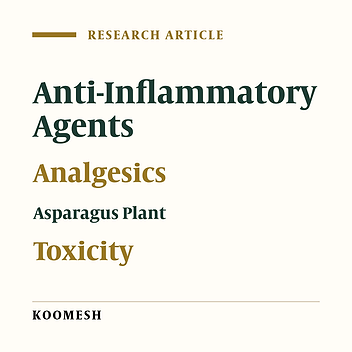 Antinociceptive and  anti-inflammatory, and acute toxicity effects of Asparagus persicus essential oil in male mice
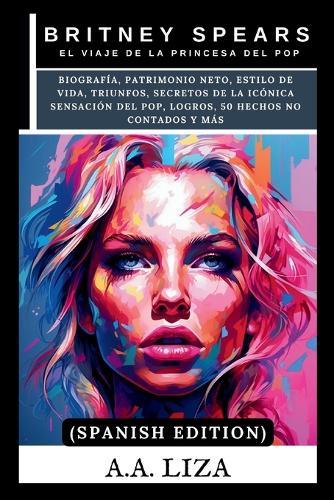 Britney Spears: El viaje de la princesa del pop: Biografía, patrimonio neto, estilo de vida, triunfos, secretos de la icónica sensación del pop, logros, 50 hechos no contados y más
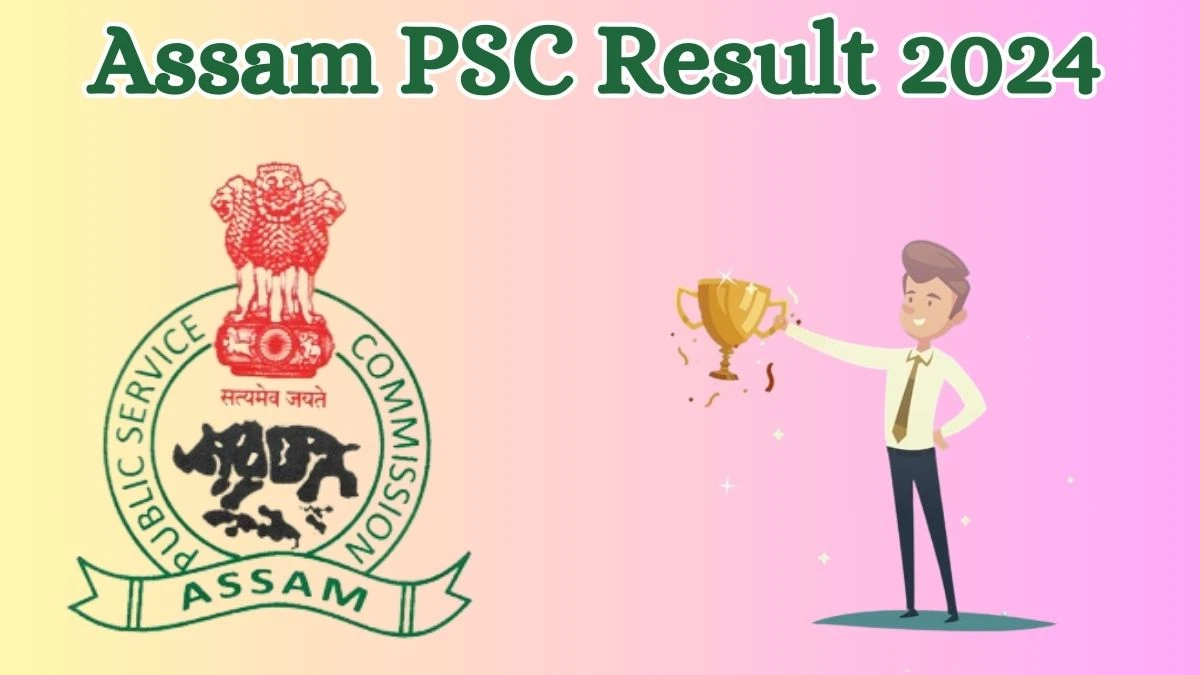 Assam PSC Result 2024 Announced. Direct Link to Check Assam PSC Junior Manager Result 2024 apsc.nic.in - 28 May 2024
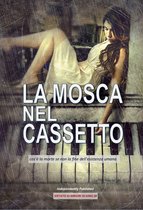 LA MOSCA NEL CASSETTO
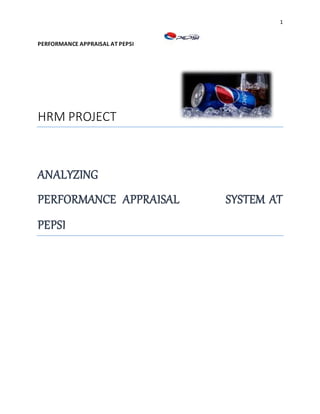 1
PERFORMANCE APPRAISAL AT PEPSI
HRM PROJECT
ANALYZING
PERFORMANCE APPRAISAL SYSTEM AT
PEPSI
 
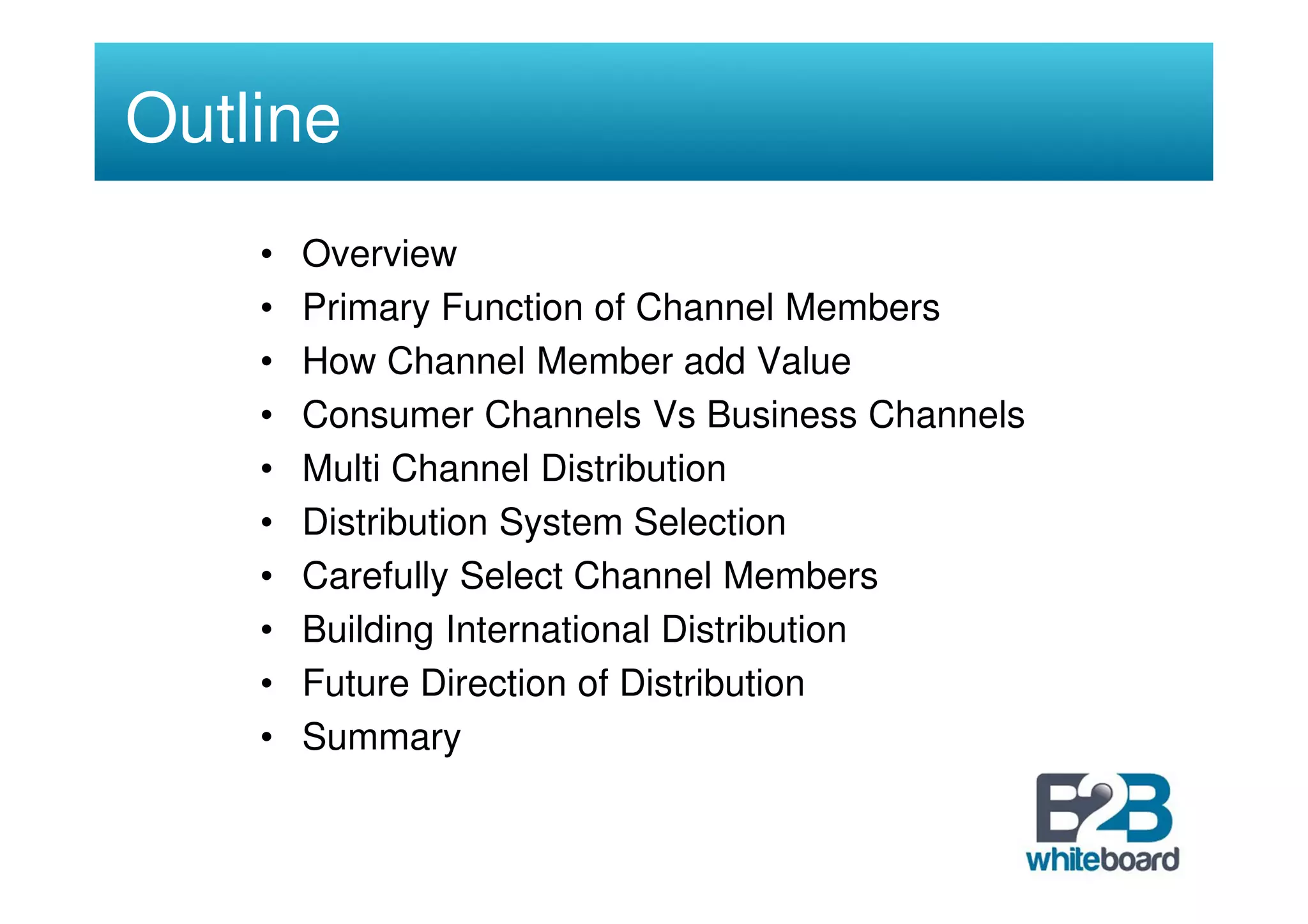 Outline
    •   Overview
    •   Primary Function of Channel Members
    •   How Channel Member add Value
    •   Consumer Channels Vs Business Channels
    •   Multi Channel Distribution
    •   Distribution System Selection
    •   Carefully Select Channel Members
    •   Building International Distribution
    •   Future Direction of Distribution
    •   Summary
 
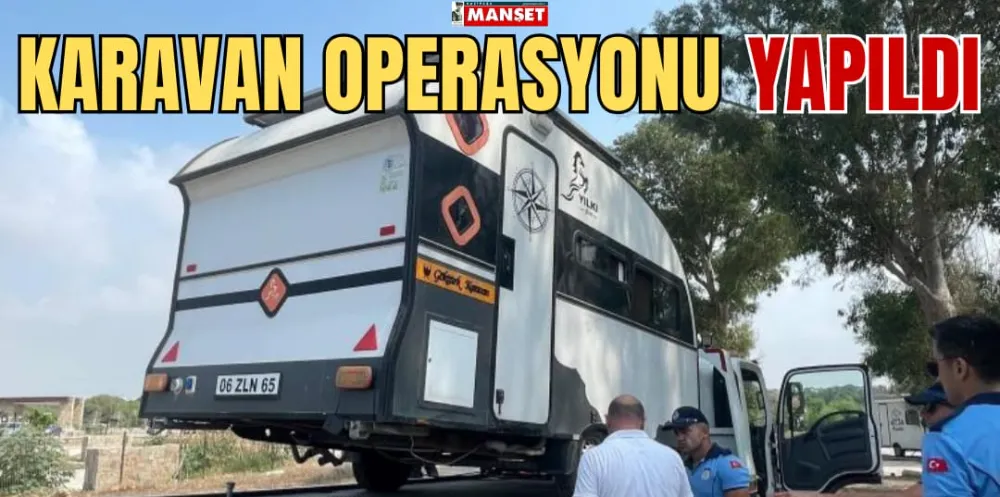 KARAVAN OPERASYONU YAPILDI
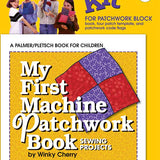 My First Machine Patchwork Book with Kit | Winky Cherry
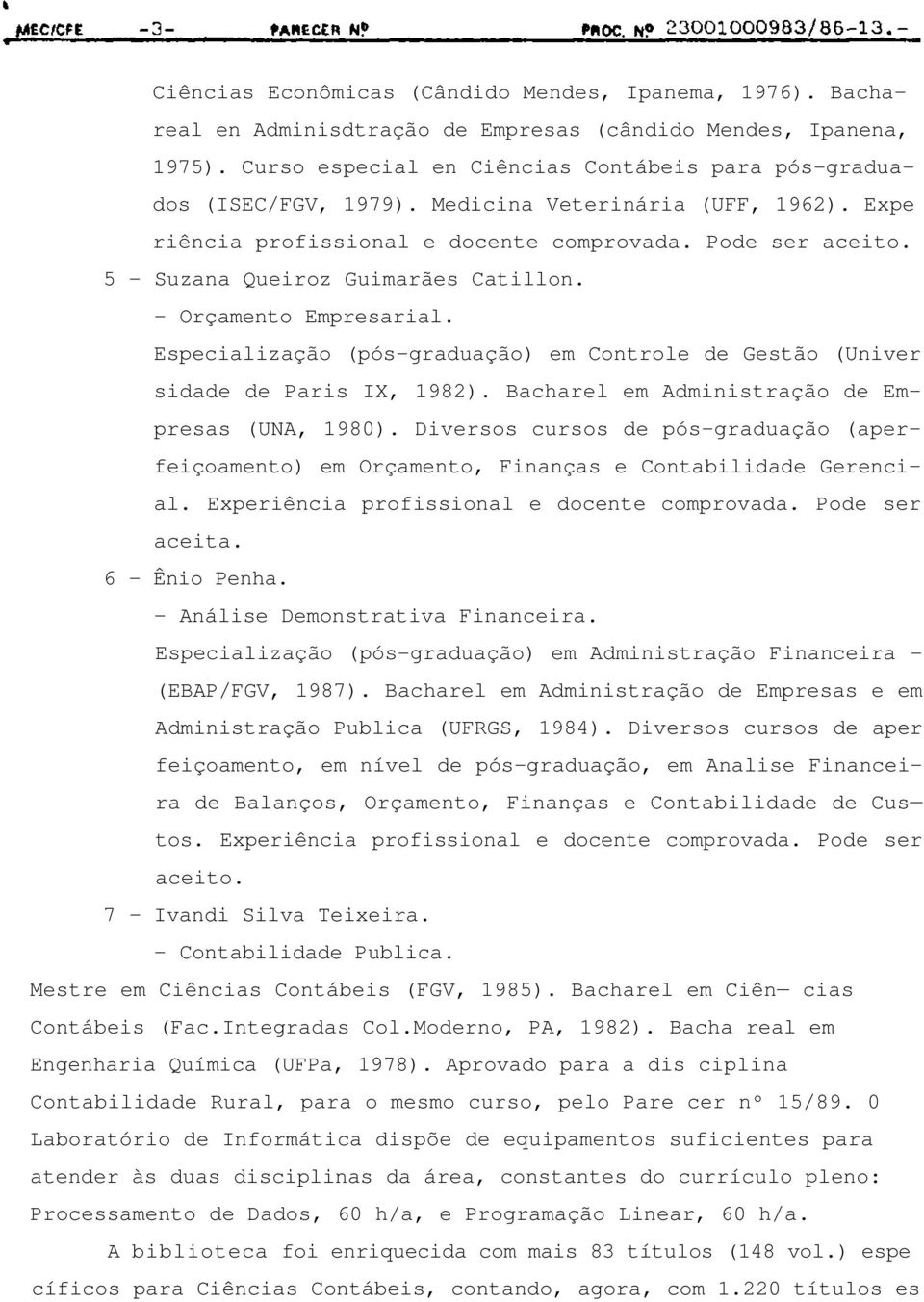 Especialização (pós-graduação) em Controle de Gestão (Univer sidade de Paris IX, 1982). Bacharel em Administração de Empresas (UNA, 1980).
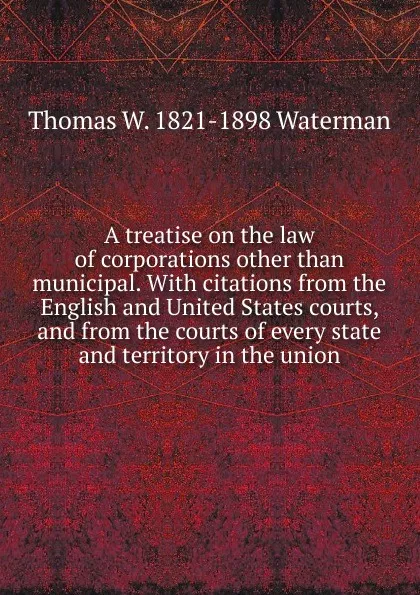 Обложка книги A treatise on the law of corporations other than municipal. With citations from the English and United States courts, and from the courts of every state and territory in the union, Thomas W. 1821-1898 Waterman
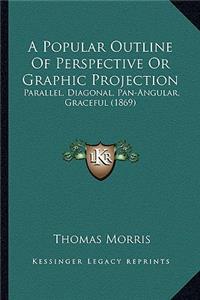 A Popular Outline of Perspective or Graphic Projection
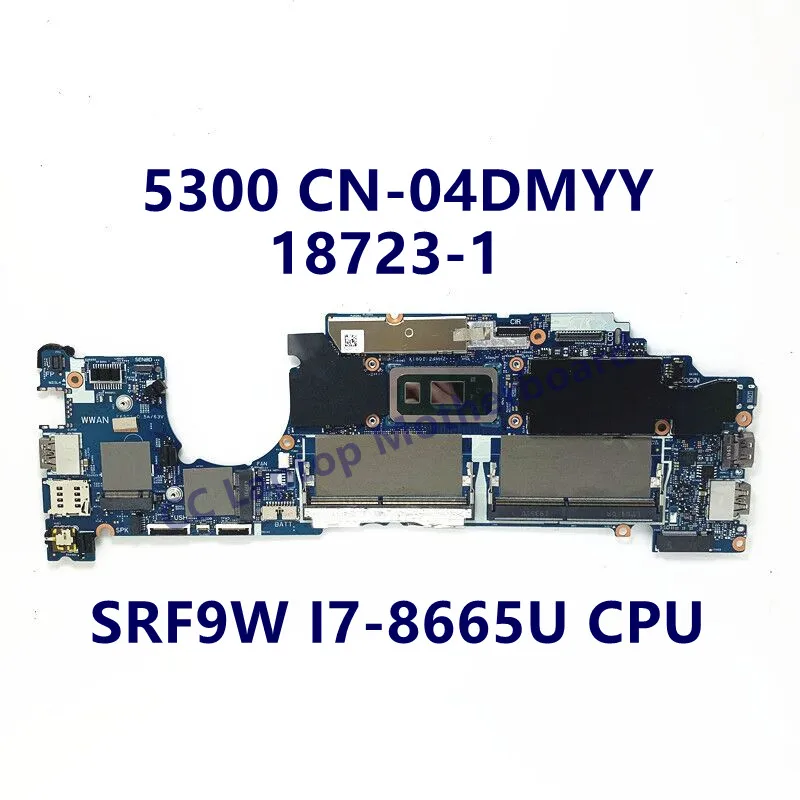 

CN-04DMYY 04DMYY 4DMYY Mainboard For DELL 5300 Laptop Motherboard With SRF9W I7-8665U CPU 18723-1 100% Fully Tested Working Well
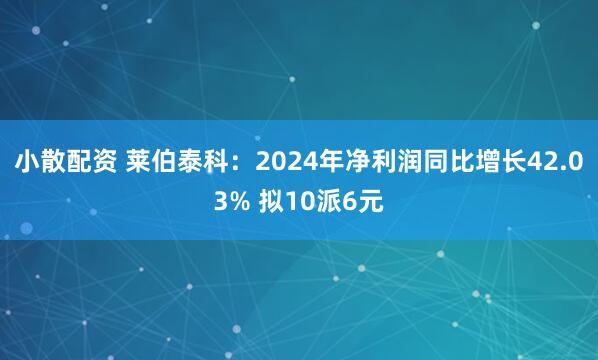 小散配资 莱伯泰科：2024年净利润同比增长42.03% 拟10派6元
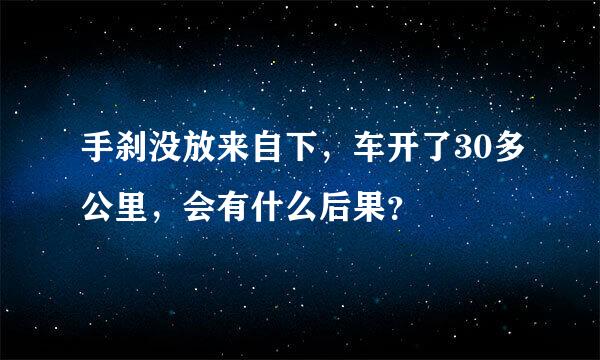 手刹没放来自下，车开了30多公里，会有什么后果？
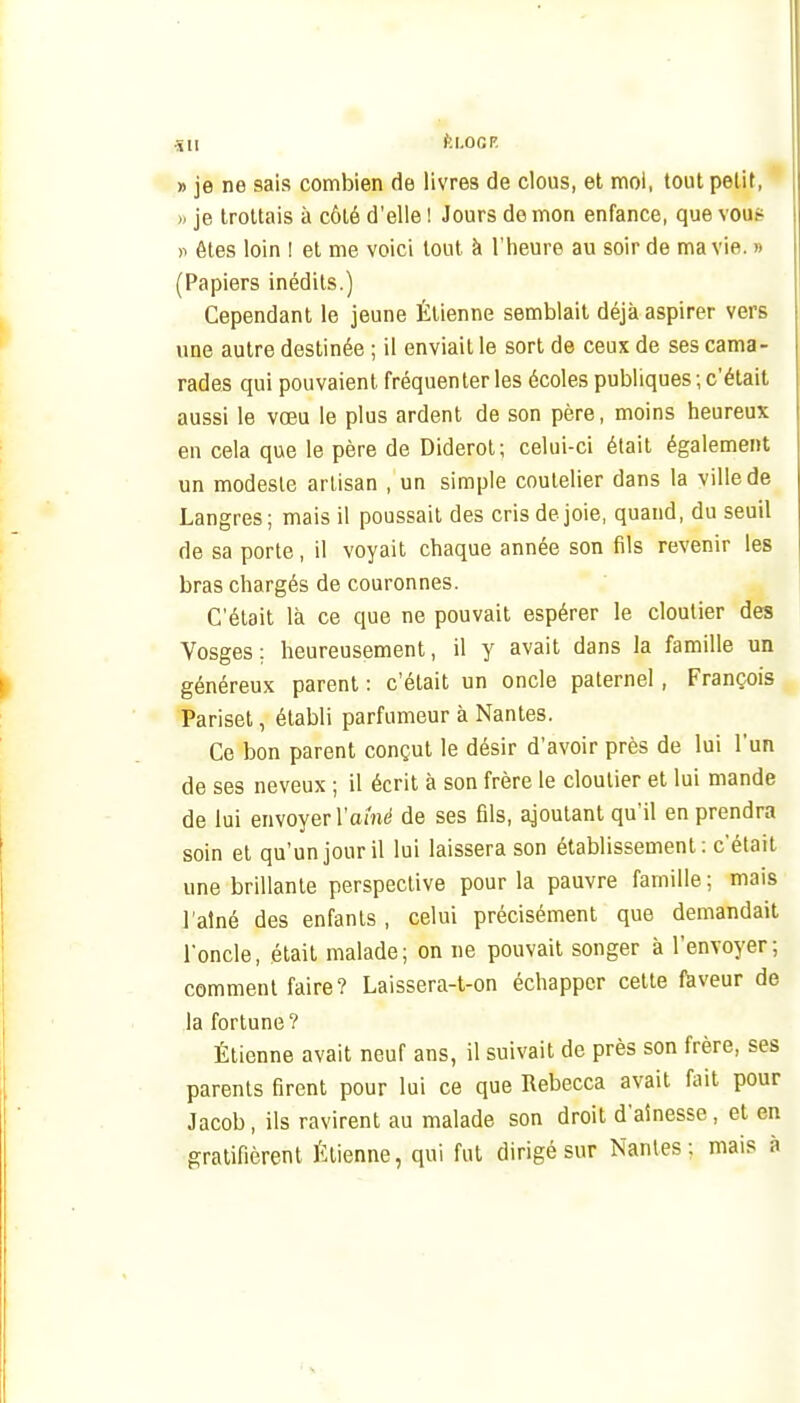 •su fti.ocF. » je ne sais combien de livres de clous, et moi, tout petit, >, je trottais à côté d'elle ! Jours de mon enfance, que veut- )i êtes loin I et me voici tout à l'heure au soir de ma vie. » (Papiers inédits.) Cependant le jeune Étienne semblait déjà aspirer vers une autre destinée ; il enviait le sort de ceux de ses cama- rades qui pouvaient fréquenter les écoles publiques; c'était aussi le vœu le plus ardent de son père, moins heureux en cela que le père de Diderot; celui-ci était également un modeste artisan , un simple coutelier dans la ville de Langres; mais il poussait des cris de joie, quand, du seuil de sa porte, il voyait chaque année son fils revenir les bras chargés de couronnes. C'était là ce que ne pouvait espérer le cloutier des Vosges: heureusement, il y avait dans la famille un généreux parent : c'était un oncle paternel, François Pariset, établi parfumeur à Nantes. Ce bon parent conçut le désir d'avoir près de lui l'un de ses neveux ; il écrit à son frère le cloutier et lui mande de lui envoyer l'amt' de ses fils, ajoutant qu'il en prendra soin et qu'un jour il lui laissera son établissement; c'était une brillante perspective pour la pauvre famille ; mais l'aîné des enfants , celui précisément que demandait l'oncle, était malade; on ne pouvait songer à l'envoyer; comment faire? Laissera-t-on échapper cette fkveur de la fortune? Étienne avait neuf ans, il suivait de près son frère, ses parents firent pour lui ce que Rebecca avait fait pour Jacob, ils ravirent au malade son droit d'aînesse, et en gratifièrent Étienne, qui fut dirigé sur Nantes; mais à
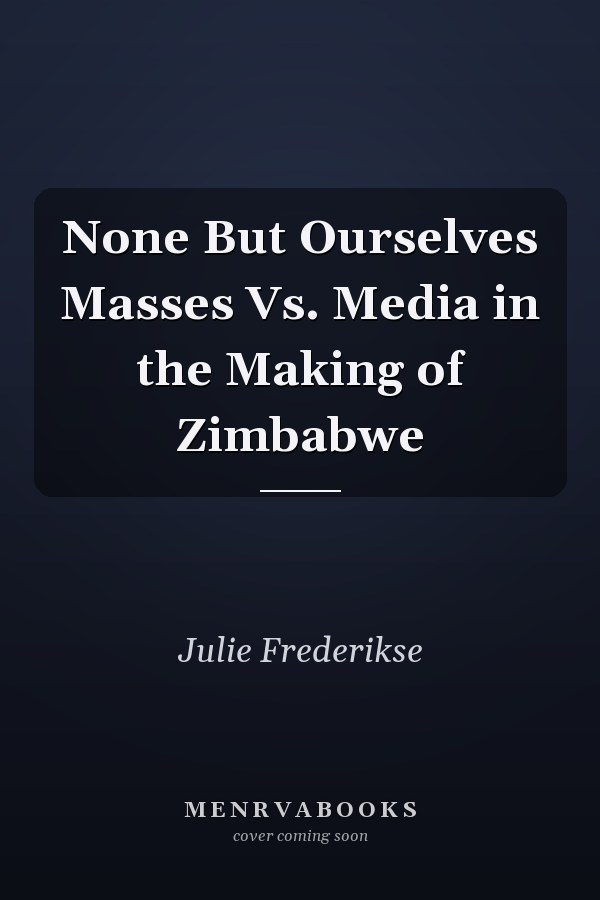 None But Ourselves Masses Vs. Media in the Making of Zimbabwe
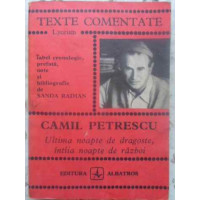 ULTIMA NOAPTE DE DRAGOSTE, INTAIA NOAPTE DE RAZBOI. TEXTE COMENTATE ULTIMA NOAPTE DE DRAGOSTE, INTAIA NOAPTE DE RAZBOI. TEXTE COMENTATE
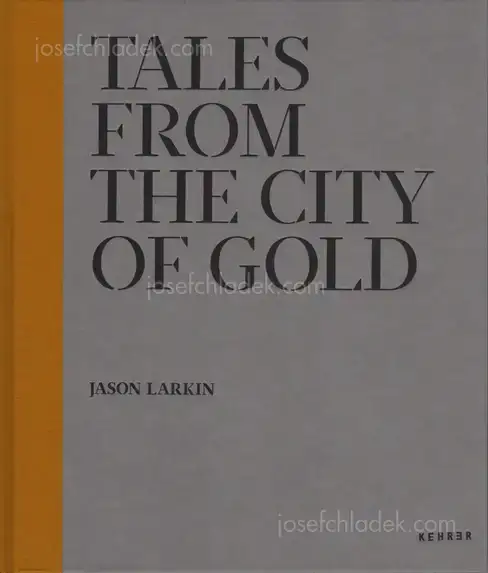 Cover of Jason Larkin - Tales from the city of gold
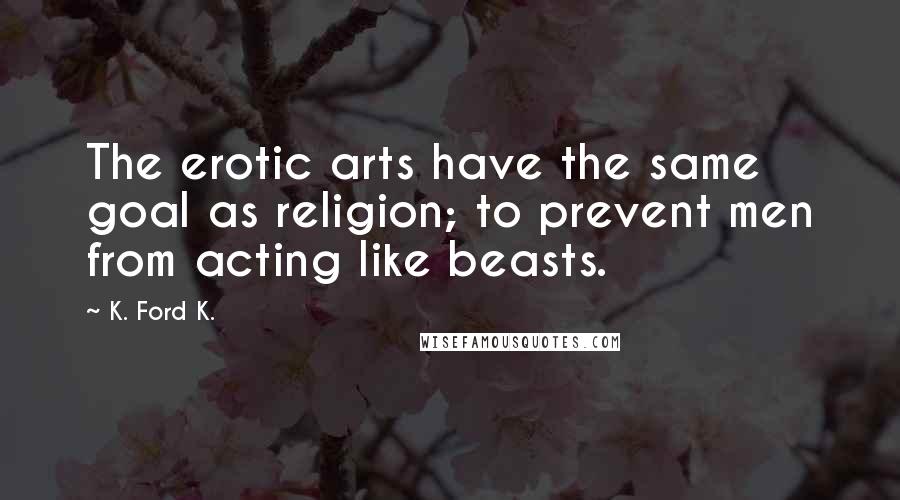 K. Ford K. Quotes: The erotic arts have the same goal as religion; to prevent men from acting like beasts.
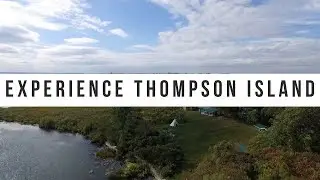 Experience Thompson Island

========================================

**The task:**
Reproduce the entire listing above precisely, but keep the images out.

**Solved exercise:**
 Antinociceptive and  anti-inflammatory, and acute toxicity effects of Asparagus persicus essential oil in male mice
 Britney Spears: El viaje de la princesa del pop: Biografía, patrimonio neto, estilo de vida, triunfos, secretos de la icónica sensación del pop, logros, 50 hechos no contados y más
 Assam PSC Result 2024 Announced. Direct Link to Check Assam PSC Junior Manager Result 2024 apsc.nic.in - 28 May 2024
 LA MOSCA NEL CASSETTO
 1
PERFORMANCE APPRAISAL AT PEPSI
HRM PROJECT
ANALYZING
PERFORMANCE APPRAISAL SYSTEM AT
PEPSI
 
 Outline
    •   Overview
    •   Primary Function of Channel Members
    •   How Channel Member add Value
    •   Consumer Channels Vs Business Channels
    •   Multi Channel Distribution
    •   Distribution System Selection
    •   Carefully Select Channel Members
    •   Building International Distribution
    •   Future Direction of Distribution
    •   Summary
 
 KARAVAN OPERASYONU YAPILDI
 My First Machine Patchwork Book with Kit | Winky Cherry
 Especialização (pós-graduação) em Controle de Gestão (Univer sidade de Paris IX, 1982). Bacharel em Administração de Empresas (UNA, 1980).
 Обложка книги A treatise on the law of corporations other than municipal. With citations from the English and United States courts, and from the courts of every state and territory in the union, Thomas W. 1821-1898 Waterman
 A Popular Outline of Perspective or Graphic Projection

CN-04DMYY 04DMYY 4DMYY Mainboard For DELL 5300 Laptop Motherboard With SRF9W I7-8665U CPU 18723-1 100% Fully Tested Working Well
 小散配资 莱伯泰科：2024年净利润同比增长42.03% 拟10派6元
 手刹没放来自下，车开了30多公里，会有什么后果？
 •su fti.ocF. » je ne sais combien de livres de clous, et moi, tout petit, >, je trottais à côté d'elle ! Jours de mon enfance, que veut- )i êtes loin I et me voici tout à l'heure au soir de ma vie. » (Papiers inédits.) Cependant le jeune Étienne semblait déjà aspirer vers une autre destinée ; il enviait le sort de ceux de ses cama- rades qui pouvaient fréquenter les écoles publiques; c'était aussi le vœu le plus ardent de son père, moins heureux en cela que le père de Diderot; celui-ci était également un modeste artisan , un simple coutelier dans la ville de Langres; mais il poussait des cris de joie, quand, du seuil de sa porte, il voyait chaque année son fils revenir les bras chargés de couronnes. C'était là ce que ne pouvait espérer le cloutier des Vosges: heureusement, il y avait dans la famille un généreux parent : c'était un oncle paternel, François Pariset, établi parfumeur à Nantes. Ce bon parent conçut le désir d'avoir près de lui l'un de ses neveux ; il écrit à son frère le cloutier et lui mande de lui envoyer l'amt' de ses fils, ajoutant qu'il en prendra soin et qu'un jour il lui laissera son établissement; c'était une brillante perspective pour la pauvre famille ; mais l'aîné des enfants , celui précisément que demandait l'oncle, était malade; on ne pouvait songer à l'envoyer; comment faire? Laissera-t-on échapper cette fkveur de la fortune? Étienne avait neuf ans, il suivait de près son frère, ses parents firent pour lui ce que Rebecca avait fait pour Jacob, ils ravirent au malade son droit d'aînesse, et en gratifièrent Étienne, qui fut dirigé sur Nantes; mais à
 None But Ourselves Masses Vs. Media in the Making of Zimbabwe
 ULTIMA NOAPTE DE DRAGOSTE, INTAIA NOAPTE DE RAZBOI. TEXTE COMENTATE ULTIMA NOAPTE DE DRAGOSTE, INTAIA NOAPTE DE RAZBOI. TEXTE COMENTATE
 Cover of Jason Larkin - Tales from the city of gold
 K. Ford K. Quotes: The erotic arts have the same goal as religion; to prevent men from acting like beasts.
 Experience Thompson Island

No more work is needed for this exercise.